= Philip Radcliffe =

English academic, musicologist and composer (1905–1986)

Philip FitzHugh Radcliffe (27 April 1905 – 2 September 1986) was an English academic, musicologist and composer, born in Godalming, Surrey.

==Early life==
He was educated at Charterhouse and read Classics at King's College, Cambridge, gaining a scholarship and a First in Part I of the degree, but then only a Third in Part II, causing him to switch his attention to music, studying under Edward Dent and Henry Moule. He was a gifted pianist.

==Career==
Philip Radcliffe had his first sight of Cambridge in December 1923 when he sat for a scholarship examination. "I attended evensong in the Chapel of my future College and can still recall the impact made upon me by the quiet, other-world sound of the choir singing Remember, O thou man." His dissertation on tonality in sixteenth and seventeenth century music developed on the work of Richard Terry and Edmund Fellowes. Radcliffe became a music fellow at King's College, Cambridge in 1931, and a lecturer between 1947 and 1972. His pupils included Philip Brett, Winton Dean, Jeremy Dibble, Peter Dickinson, Sebastian Forbes and Richard Lloyd. He lived in King's for the rest of his life, never leaving it for more than a few weeks.

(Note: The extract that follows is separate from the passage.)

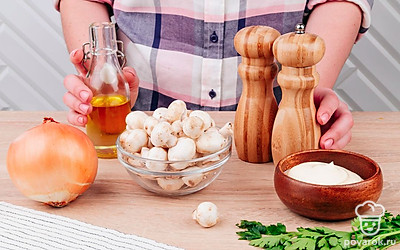 Выложите все ингредиенты на стол для удобства приготовления. Помойте петрушку и просушите ее. Подготовьте шампиньоны: промойте их под проточной водой, срежьте верхний слой шляпки, обновите срез ножки, удалите темные пятна с грибов.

His academic writings included the books Mendelssohn (1954), Beethoven's String Quartets (1965), Schubert Piano Sonatas (BBC Music Guide, 1967), a biography of John Ireland (1954), E.J. Dent: a centenary memoir (1974) and sections of Grove's Dictionary, Denis Stevens's symposium The History of Song, and the New Oxford History of Music. In 1933, at the request of T. S. Eliot, Radcliffe took over the Music Chronicle section of The Criterion from J B Trend.

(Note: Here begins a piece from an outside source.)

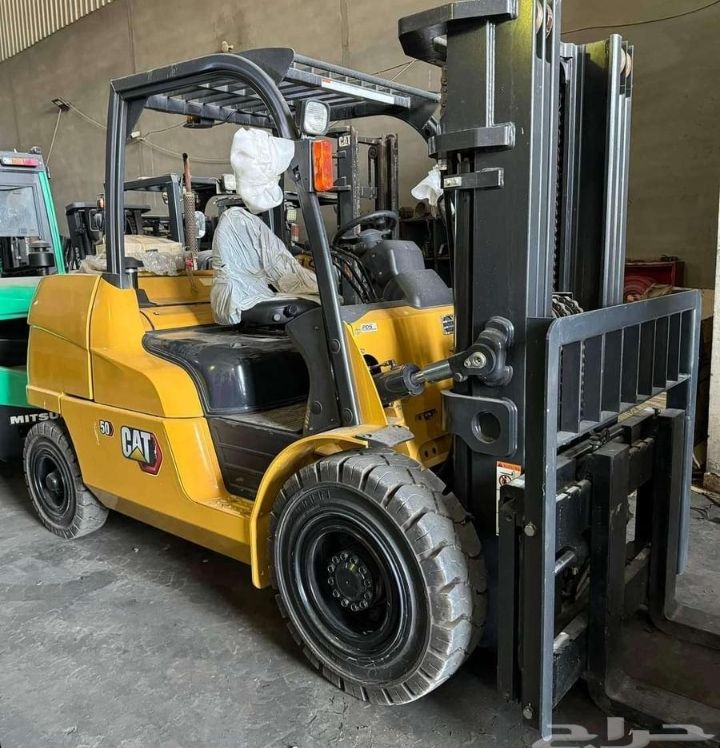 مان لفت سيزر لفت للايجار جميع المقاسات كهرباء وديز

His compositions include short choral pieces (such as the eight part setting of God be In My Head, Mary walked through a wood of thorn, and The Oxen) liturgical music (The Preces and Responses and Versicles and Responses), songs, and a small number of instrumental works (including the String Quartet in D major, 1939).
His incidental music for the Cambridge Greek Plays included Clouds (Aristophanes, 1962) Oedipus Tyrannus (1965), Medea (Euripides, 1974), and Electra (Sophocles, 1977). Radcliffe was an active member of the Ten Club playreading society whose other members included EM Forster, Donald Beves and Noel Annan.

He died in a car accident while travelling with his sister, Susan, in France at the age of 81, while still an active Fellow of the College.